WHAT THE EXERCISE ASKS
Would you retype exactly the lines from the one containing "[#아빠하고나하고] 백일섭도, 딸도" through the last line of the records below, and nothing else?
----------------
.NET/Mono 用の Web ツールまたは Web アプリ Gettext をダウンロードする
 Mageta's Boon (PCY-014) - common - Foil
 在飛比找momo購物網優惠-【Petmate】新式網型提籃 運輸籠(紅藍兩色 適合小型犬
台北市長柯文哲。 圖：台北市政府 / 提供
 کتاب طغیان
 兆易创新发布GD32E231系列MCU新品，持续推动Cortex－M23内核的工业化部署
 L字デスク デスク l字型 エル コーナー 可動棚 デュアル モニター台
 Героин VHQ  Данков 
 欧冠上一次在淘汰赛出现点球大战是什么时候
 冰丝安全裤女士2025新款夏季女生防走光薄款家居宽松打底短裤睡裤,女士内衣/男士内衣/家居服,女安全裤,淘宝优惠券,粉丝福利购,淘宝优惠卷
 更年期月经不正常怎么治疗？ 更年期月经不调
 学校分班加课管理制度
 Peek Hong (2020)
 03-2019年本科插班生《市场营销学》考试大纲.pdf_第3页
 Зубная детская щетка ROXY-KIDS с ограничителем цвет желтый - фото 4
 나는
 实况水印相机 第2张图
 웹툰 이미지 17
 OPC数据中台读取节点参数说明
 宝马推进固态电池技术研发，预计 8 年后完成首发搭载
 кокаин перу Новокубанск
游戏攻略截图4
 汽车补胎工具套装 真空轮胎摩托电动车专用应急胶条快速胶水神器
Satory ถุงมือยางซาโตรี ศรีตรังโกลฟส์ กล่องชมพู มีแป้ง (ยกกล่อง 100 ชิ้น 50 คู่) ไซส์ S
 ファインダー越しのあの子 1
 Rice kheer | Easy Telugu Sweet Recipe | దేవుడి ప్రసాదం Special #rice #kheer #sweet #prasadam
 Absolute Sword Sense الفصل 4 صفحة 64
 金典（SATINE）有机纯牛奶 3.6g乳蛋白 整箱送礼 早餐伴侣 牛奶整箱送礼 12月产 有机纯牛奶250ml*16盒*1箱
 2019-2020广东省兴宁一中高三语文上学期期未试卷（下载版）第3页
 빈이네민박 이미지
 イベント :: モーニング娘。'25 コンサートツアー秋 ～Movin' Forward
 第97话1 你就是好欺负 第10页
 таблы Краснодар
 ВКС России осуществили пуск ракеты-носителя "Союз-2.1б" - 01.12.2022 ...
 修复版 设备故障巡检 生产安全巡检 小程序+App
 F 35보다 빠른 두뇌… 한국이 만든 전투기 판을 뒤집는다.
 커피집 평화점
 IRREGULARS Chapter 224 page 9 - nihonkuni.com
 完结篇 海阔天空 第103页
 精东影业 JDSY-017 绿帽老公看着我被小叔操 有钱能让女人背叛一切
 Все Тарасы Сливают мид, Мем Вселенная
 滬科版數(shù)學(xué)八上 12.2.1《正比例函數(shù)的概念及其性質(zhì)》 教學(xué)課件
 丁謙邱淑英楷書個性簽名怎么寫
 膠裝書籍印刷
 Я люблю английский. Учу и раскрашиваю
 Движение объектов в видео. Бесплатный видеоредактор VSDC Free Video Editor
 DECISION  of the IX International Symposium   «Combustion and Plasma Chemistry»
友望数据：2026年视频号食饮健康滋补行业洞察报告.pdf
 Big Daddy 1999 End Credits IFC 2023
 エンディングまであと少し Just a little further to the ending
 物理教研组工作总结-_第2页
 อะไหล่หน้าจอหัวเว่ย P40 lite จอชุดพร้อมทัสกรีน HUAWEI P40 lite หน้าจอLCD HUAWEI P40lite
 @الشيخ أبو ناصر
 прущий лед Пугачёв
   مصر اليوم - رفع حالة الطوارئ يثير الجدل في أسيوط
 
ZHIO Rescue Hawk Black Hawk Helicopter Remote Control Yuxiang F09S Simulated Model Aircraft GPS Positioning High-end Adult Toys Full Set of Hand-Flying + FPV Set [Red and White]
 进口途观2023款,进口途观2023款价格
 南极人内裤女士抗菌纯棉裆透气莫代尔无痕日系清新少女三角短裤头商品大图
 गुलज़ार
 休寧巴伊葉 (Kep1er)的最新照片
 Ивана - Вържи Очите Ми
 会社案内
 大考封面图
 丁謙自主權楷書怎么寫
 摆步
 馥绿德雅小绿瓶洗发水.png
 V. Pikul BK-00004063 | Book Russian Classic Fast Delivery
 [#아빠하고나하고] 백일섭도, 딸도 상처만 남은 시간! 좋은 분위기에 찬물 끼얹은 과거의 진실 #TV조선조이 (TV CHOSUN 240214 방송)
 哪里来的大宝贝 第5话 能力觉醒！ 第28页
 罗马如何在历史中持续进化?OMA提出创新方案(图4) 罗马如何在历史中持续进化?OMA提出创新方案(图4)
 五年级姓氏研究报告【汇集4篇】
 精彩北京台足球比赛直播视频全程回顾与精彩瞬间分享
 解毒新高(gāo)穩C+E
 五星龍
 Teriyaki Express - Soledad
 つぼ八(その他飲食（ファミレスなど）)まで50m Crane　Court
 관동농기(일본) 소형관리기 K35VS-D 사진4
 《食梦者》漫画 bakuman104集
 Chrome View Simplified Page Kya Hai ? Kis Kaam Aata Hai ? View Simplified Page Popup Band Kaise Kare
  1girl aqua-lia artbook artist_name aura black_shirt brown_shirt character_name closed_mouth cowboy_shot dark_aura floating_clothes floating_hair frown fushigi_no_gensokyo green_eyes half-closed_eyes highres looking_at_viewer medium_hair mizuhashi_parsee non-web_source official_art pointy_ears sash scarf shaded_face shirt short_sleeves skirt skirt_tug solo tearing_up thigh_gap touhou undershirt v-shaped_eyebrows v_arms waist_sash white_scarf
----------------
ANSWER
 [#아빠하고나하고] 백일섭도, 딸도 상처만 남은 시간! 좋은 분위기에 찬물 끼얹은 과거의 진실 #TV조선조이 (TV CHOSUN 240214 방송)
 哪里来的大宝贝 第5话 能力觉醒！ 第28页
 罗马如何在历史中持续进化?OMA提出创新方案(图4) 罗马如何在历史中持续进化?OMA提出创新方案(图4)
 五年级姓氏研究报告【汇集4篇】
 精彩北京台足球比赛直播视频全程回顾与精彩瞬间分享
 解毒新高(gāo)穩C+E
 五星龍
 Teriyaki Express - Soledad
 つぼ八(その他飲食（ファミレスなど）)まで50m Crane　Court
 관동농기(일본) 소형관리기 K35VS-D 사진4
 《食梦者》漫画 bakuman104集
 Chrome View Simplified Page Kya Hai ? Kis Kaam Aata Hai ? View Simplified Page Popup Band Kaise Kare
  1girl aqua-lia artbook artist_name aura black_shirt brown_shirt character_name closed_mouth cowboy_shot dark_aura floating_clothes floating_hair frown fushigi_no_gensokyo green_eyes half-closed_eyes highres looking_at_viewer medium_hair mizuhashi_parsee non-web_source official_art pointy_ears sash scarf shaded_face shirt short_sleeves skirt skirt_tug solo tearing_up thigh_gap touhou undershirt v-shaped_eyebrows v_arms waist_sash white_scarf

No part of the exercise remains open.